JP: This may be an unfair question, but you are wearing lots of hat on Hit Music—composer, arranger, musician, music director, and performer. What has it been like to wear all of those hats and has one been more rewarding than the others?


CU: Wearing hats can be very exhausting. Writing the songs, making sure that they’re right, that the performers can sing them…that things fall into place…I think that’s been the most rewarding piece—the writing of the songs. Getting them on stage, seeing how they come out…and especially with some of the choreography that’s beginning to happen. I think some of the songs can stand by themselves, but some also need the choreography…they need a visual element.


JP: You shared a few details about this already, but is there anything else you'd like to share about your collaborative process with Guillermo?


CU: It’s been really easy. He’s always very open to new ideas and to switch things around if need be. It’s not like, you know, I don’t know…I’m sure this has happened with other directors—“Oh, no, this is sacred—you can’t change it!” But Guillermo is very understanding that some things might not be working right. So, we had to change things around. It’s also a give and take. We had to cut a song from the show because it was running a bit too long. We had to cut other songs because there were parts that weren’t working right, and we wanted to make it more coherent for the show.

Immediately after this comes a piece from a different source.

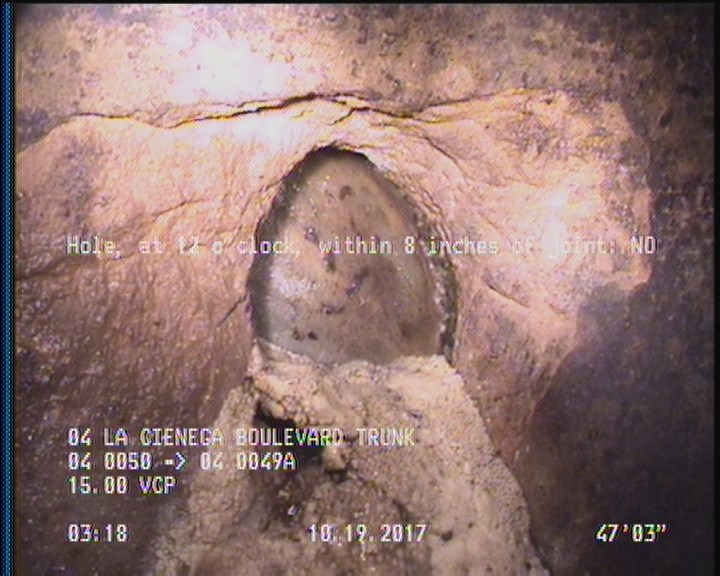 Hole, at 12 o'clock, within 8 inches of joint: NO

JP: Final question: There are so many options for seeing theatre in the valley or staying at home to stream television/film. Why should audiences check out Hit Music?


CU: Don’t stay home! You should come because it’s live theatre—it’s LIVE music. It is not recorded music; it is LIVE. It can make a whole world of difference to experience things live. Staying home…yeah, you know, sometimes I stay home because I’m tired, but when something local is happening and—who knows, this show might take off one day! You might be one of those spectators that can say, “Hey! I saw that show when it was in its infancy.” Hit Music is a fun show! Come support local artists. It is very important in this era of super consumerism, where everything is franchised and—maybe that has its place—but local is very important, too.


JP: Thank you, Carlos! Break a leg tonight!